Regard sur la pièce

  • Pour le bicentenaire de la naissance de Jacques Offenbach, les Baladins ont déniché pour vous une perle, rarement jouée. Cette pièce, contemporaine des Brigands (1869) que nous avons montée l’an dernier, présente un aspect méconnu d’Offenbach. En effet, à cette époque le célèbre compositeur vu comme un amuseur auteur de bouffonneries ambitionnait d’être joué à l’Opéra-Comique, qui programmait des pièces plus sérieuses et qui le méprisait.
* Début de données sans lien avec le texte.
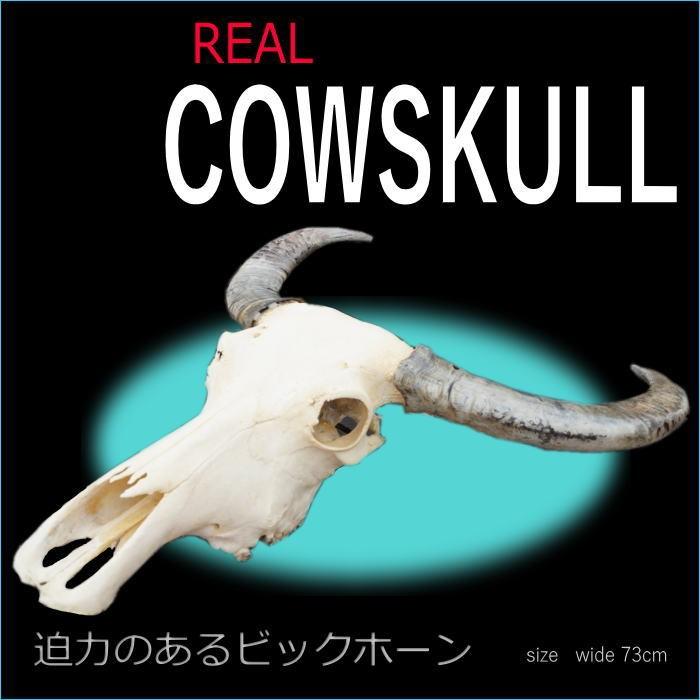 送料無料】リアルカウスカルヘッド オブジェ 角大 壁掛け 送料無料】リアルカウスカルヘッド オブジェ 角大 壁掛け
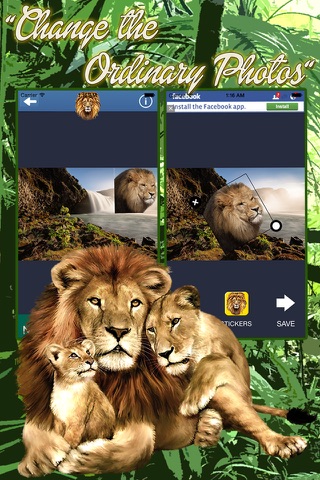 Lion Sticker App screenshot 2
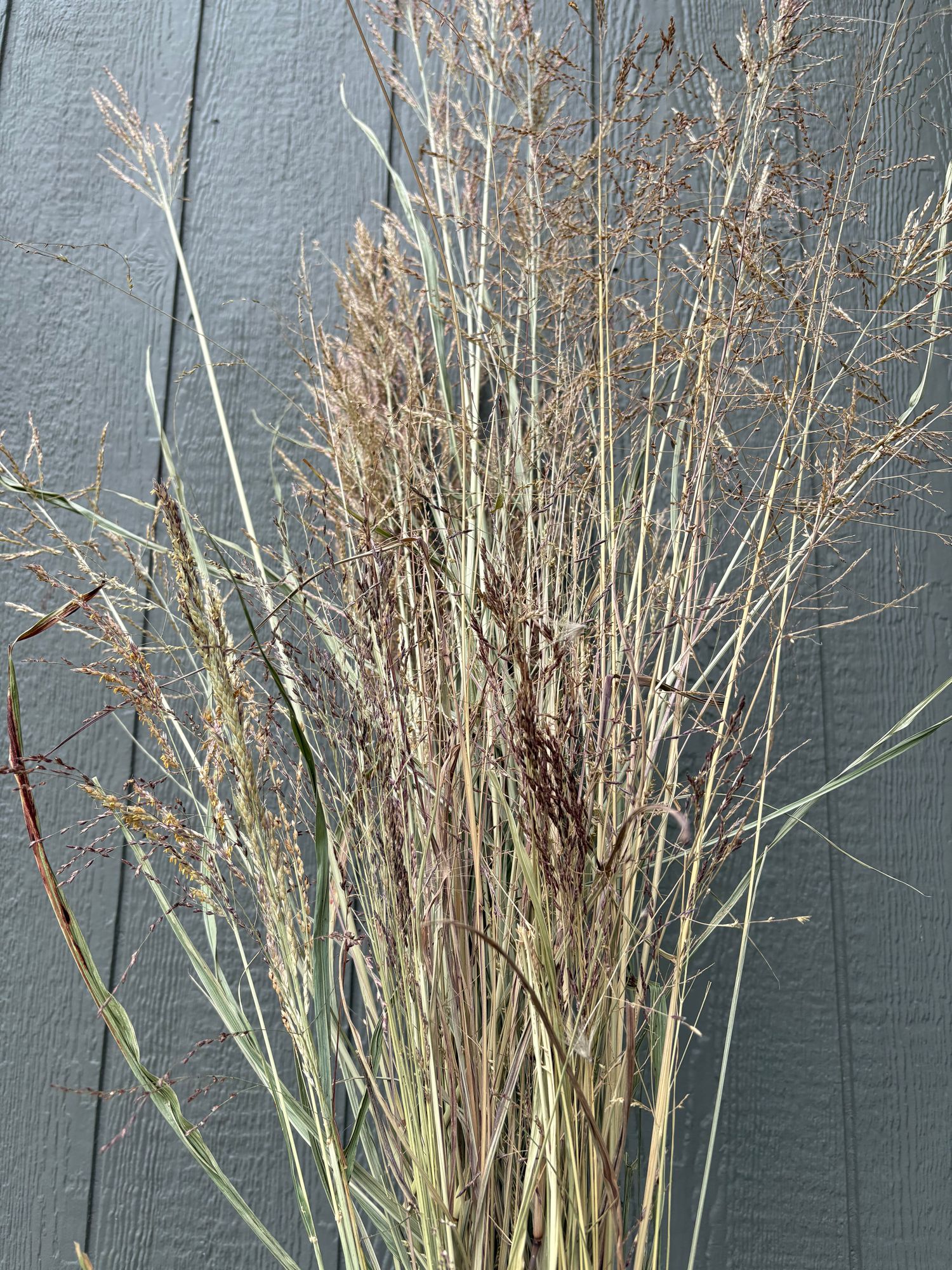 Grass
Il a donc composé la Princesse de Trébizonde avec l’idée d’infléchir son répertoire, sur un thème plus onirique, la ponctuant de plusieurs romances, des airs très délicats avec beaucoup de charme. Il reste certes des scènes bouffonnes, et notre adaptation en a rajouté – nous voulons rire, mais on passerait à côté de l’essentiel si l’on oubliait l’intention de cette pièce : exalter la vie d’artiste et procurer du rêve.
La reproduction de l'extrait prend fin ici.